# Sorry to 'invade' the men's clubhouse..need advice



## Christine11 (Sep 13, 2010)

Hello,

Sorry to invade your clubhouse but I really would like some advice from men. My husband and I have had problems for years now. I am just not sure if I am really the person he loves (including all my faults) or if he just loves the idea of having a decent looking wife (tall, well proportioned, decent looking). 

He always has done nice things for me like ironing my shirts, make me lunch etc., however, I feel I am missing the 'mental connection.' His love language is 'acts of service.' I like to feel emotionally connected. If I feel that then it doesn't bother me if he looks at other women, talks about how pretty other women are etc., however, I don't feel like he wants to share stuff with me. I believe he would be happy if I fulfill his need for acts of service but that's not enough for me. I need to feel connected.

I know I have slacked in measuring up to what he considers my fair share of doing things, but we have different opinions on what should be done when. He likes it done 'right now' and if it's not done on his schedule he gets mad. I am a little more lax that way. I can live with his thinking on that but I don't feel he accepts my way (I have tried to do more household stuff because I know he likes that).

He says if he doesn't share stuff with me its because he didn't think it was important, however, he gets upset when I don't share stuff (he says I am playing 'tit for tat'). What gives?
I realize guys don't like to talk about their feelings but I feel I am starved for real attention from him.

The bad part is that because I was a less than a good wife for the last few years (didn't give me the acts of service he needs to be happy) last year he started talking to another woman through e-mail and phone. When I confronted him he immediately stopped and made a great effort in regards to our relationship. I also changed and gave him more of what he needed (acts of service: household stuff, affection). 

I just don't know if I can regain the trust that I lost in him after that. What can I do? I am the one who starts the fights but I feel I am doing that to get some kind of reaction from him because I feel I am so disconnected from him. Any advice or input?


----------



## unbelievable (Aug 20, 2010)

What can you do? Isn't he telling you? You know what's important to him. You might not agree with his ideas, but you can't say you don't know. If he's important to you, then you'll make it a priority to take care of things that are important to him. Likewise, if he values you, he'll make an effort to do things you want. My wife is not interested at all in romance. To her, love is expressed through chores. Not my idea of romance, but I understand it's hers, so I work like a hired hand, not cause I dig it, but because I love her and that's the language she understands. When I was in Iraq, I had to talk to the locals in ways they understood if I wished to communicate. If I want to communicate effectively with my horse, I have to do so in ways a horse understands.
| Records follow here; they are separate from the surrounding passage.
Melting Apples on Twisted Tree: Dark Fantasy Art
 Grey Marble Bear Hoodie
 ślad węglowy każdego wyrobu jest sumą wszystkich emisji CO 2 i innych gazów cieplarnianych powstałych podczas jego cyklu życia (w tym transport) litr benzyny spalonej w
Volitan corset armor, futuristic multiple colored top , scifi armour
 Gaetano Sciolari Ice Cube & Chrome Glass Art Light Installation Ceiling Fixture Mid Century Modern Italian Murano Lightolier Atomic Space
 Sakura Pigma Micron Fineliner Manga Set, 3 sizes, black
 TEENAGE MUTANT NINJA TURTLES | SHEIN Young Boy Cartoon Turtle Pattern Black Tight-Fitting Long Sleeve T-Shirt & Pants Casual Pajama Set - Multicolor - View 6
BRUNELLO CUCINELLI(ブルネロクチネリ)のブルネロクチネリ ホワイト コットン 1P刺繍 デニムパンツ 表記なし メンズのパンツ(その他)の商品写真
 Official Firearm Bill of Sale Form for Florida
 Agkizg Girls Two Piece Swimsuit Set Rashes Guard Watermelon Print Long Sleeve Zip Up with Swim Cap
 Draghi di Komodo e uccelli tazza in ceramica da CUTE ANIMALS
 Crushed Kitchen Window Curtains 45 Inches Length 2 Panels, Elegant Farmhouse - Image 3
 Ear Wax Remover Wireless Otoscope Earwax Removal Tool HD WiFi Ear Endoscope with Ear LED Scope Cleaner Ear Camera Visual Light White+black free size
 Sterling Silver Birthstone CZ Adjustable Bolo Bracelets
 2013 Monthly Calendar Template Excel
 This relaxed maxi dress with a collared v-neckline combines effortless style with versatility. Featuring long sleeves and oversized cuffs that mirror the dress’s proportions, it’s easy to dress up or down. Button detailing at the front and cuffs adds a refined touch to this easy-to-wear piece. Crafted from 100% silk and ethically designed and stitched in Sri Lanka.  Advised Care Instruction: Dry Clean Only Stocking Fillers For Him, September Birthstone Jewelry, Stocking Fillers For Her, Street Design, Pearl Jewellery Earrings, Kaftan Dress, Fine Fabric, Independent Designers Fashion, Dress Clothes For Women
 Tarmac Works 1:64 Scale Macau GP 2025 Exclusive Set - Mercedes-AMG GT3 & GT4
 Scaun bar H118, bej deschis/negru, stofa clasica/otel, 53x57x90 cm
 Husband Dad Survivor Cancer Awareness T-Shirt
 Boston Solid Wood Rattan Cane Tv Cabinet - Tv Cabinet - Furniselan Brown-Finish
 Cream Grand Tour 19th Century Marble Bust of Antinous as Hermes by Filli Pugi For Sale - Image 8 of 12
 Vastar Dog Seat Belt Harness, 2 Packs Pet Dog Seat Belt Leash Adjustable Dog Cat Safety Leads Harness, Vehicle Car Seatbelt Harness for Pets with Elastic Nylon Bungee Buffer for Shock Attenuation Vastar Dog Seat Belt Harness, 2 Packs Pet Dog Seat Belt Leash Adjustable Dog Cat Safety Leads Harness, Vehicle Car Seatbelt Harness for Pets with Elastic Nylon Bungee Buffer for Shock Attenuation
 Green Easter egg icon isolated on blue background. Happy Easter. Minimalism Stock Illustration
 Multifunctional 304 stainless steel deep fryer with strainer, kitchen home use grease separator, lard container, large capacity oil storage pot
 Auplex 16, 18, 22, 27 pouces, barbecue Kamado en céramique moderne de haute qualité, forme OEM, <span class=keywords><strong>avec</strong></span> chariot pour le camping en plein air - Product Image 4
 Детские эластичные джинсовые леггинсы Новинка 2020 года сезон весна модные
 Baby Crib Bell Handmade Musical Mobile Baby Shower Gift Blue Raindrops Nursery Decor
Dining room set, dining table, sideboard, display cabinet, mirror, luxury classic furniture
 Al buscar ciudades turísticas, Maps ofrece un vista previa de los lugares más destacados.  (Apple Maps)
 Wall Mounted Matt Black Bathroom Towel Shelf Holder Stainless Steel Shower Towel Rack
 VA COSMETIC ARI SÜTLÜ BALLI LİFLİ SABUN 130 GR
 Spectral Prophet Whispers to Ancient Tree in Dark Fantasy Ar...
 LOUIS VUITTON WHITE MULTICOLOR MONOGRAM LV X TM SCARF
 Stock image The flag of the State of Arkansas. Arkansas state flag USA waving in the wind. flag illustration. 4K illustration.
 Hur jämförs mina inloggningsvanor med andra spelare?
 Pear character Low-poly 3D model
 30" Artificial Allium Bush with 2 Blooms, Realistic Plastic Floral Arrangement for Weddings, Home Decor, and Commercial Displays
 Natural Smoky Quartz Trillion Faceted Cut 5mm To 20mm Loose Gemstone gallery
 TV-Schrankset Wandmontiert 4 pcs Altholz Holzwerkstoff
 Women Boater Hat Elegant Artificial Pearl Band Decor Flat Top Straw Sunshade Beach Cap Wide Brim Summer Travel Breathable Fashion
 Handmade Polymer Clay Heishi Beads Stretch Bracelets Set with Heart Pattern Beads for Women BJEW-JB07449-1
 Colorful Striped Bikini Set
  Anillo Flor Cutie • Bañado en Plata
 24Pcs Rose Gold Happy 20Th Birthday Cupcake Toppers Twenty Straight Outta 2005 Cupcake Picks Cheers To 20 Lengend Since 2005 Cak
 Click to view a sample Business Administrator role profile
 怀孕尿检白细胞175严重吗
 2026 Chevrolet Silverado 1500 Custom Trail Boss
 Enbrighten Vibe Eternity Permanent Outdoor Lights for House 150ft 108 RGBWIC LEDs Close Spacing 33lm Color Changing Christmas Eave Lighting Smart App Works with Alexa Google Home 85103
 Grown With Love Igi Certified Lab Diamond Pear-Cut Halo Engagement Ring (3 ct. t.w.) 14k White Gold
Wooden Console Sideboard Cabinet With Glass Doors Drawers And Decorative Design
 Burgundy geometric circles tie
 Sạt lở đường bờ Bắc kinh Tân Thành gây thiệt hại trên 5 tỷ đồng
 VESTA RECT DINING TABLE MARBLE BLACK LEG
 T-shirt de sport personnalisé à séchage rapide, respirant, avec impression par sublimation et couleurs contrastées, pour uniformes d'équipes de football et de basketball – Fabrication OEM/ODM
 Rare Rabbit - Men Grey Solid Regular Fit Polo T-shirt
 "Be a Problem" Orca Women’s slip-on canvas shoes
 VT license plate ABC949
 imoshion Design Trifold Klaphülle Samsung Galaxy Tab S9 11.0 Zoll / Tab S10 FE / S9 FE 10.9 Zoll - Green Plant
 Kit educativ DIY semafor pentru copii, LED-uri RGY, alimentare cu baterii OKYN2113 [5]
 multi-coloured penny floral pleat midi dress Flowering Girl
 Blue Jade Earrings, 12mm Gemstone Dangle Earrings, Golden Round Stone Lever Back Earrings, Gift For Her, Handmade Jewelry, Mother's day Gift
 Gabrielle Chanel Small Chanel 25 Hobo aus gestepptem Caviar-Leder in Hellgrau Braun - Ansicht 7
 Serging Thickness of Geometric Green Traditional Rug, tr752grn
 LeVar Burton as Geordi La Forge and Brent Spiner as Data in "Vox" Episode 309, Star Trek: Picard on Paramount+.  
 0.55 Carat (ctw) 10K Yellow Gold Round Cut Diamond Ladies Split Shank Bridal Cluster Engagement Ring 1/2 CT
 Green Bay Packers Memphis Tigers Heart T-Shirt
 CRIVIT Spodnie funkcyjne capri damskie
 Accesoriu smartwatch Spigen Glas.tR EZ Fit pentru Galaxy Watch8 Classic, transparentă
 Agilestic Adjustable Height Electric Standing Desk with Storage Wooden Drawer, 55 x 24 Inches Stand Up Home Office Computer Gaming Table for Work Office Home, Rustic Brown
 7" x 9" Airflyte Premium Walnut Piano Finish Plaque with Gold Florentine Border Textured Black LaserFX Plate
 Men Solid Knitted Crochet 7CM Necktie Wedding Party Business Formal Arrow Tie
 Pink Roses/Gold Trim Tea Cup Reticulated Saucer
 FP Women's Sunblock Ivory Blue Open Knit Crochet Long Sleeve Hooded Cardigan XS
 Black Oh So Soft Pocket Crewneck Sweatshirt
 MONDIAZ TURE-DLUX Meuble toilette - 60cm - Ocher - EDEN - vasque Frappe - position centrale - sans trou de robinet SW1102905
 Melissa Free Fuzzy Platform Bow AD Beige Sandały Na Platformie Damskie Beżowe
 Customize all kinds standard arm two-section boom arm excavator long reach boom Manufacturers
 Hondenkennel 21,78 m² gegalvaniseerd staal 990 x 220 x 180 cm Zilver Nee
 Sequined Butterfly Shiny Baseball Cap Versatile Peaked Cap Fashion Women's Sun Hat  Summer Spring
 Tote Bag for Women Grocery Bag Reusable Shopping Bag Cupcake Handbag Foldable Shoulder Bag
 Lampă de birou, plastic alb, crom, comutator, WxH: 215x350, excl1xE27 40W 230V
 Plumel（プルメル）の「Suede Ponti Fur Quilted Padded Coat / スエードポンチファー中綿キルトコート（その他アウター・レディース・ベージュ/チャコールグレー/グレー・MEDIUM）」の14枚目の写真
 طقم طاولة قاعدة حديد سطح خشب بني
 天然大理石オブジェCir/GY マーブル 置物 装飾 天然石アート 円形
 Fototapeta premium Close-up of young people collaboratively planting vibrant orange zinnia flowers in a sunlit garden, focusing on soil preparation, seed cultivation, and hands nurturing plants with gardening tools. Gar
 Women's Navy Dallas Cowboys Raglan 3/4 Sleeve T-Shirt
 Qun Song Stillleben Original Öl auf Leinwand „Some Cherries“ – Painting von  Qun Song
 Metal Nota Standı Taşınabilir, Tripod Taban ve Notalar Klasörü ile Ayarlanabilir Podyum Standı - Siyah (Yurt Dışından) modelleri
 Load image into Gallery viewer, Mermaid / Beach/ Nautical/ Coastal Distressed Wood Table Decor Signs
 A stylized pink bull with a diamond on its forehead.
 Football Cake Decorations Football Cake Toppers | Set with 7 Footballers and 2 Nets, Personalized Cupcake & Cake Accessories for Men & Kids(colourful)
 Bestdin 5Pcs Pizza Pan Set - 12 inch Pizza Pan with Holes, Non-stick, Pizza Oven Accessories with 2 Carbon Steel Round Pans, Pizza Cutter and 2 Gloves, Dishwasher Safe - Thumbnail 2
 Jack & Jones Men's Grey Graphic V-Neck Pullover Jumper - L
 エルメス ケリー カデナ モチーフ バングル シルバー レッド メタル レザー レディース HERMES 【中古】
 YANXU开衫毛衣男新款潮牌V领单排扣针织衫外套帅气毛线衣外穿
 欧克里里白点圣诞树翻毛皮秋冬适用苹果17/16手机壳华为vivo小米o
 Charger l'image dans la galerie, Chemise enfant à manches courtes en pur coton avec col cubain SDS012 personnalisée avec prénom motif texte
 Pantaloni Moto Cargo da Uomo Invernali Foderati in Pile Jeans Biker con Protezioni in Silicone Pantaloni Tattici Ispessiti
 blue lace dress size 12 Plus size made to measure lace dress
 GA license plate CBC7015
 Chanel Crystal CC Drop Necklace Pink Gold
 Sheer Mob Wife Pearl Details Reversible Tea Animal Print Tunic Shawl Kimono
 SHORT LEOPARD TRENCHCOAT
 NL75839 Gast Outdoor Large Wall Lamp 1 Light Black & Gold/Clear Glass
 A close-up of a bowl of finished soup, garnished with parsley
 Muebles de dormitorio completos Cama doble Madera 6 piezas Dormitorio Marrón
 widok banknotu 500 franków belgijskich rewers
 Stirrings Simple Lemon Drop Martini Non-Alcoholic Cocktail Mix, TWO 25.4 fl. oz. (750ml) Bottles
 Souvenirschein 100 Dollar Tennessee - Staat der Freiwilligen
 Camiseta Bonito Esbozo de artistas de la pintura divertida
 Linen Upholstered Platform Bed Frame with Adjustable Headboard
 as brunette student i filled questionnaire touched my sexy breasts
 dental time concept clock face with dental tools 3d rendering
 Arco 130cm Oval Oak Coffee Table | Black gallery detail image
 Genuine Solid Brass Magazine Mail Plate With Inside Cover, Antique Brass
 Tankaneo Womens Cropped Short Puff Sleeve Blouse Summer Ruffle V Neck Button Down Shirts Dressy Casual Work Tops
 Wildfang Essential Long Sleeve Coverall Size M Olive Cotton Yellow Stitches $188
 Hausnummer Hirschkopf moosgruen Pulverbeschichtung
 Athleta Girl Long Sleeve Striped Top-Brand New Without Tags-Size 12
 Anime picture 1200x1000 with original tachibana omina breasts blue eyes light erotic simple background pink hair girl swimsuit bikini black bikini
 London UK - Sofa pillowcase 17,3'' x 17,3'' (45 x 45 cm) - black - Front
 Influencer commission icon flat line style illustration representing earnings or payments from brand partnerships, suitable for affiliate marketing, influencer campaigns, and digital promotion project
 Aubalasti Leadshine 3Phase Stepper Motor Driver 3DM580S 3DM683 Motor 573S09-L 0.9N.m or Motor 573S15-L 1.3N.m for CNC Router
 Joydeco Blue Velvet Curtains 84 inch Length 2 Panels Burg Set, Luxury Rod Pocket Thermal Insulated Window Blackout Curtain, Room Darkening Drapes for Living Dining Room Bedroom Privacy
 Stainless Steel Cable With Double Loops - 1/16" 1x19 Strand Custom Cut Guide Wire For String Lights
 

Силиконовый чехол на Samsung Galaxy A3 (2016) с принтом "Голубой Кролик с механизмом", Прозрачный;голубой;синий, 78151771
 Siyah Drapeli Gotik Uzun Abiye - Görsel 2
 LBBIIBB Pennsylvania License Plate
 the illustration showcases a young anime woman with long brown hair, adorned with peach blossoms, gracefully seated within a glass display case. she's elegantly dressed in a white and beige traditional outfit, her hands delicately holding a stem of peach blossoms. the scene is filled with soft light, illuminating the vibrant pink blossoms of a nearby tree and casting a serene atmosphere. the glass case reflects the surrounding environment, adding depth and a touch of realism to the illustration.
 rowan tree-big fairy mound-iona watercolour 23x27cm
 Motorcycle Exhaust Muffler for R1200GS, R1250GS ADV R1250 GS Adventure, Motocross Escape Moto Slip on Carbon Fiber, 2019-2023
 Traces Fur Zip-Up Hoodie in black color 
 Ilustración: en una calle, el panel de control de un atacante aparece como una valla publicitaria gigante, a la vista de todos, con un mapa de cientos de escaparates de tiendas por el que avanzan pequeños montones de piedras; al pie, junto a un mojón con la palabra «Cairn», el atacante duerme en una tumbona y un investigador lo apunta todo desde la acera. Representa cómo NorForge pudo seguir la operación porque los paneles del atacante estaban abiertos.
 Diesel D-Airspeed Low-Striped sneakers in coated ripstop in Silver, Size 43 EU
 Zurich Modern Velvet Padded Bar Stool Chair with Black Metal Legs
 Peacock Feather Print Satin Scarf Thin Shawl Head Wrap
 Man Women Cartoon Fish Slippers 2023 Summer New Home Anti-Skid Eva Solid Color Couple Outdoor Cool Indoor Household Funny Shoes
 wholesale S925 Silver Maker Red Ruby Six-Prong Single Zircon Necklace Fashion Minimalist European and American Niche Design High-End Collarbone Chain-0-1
He should make the same effort to communicate with you.


----------



## F-102 (Sep 15, 2010)

Sounds like the affair was a "wake up call" for you- and while I think that he may have initiated it just to get your attention, I also think that it was a little underhanded of him to go about it that way.
I think you two need to go to counseling-there may be some deep issues here, what with his "tit-for-tat" stuff and being a bit of a doormat for you. I was in the same spot myself: be a kind, generous, helpful husband and treat wife like a queen, then sit back and reap the rewards.

WRONG!!!!

It took good old-fashioned communication to get out of the doldrums, and this is where counseling will help.


----------



## Christine11 (Sep 13, 2010)

Thanks guys for your honest opinion. You are right it was a real 'wake up call.' I know it wasn't a physical affair but he told me that because nothing he did was right and he couldn't talk to me that he needed to talk to somebody. 

That was a hard pill to swollow but I understood it. It made sense. I do believe he loves me. I took stuff for granted and I know now how important the acts of service are to him. I am making an effort to do more of the things that are important to him, it's just hard to do things without getting much emotional support back. Especially since the trust is gone.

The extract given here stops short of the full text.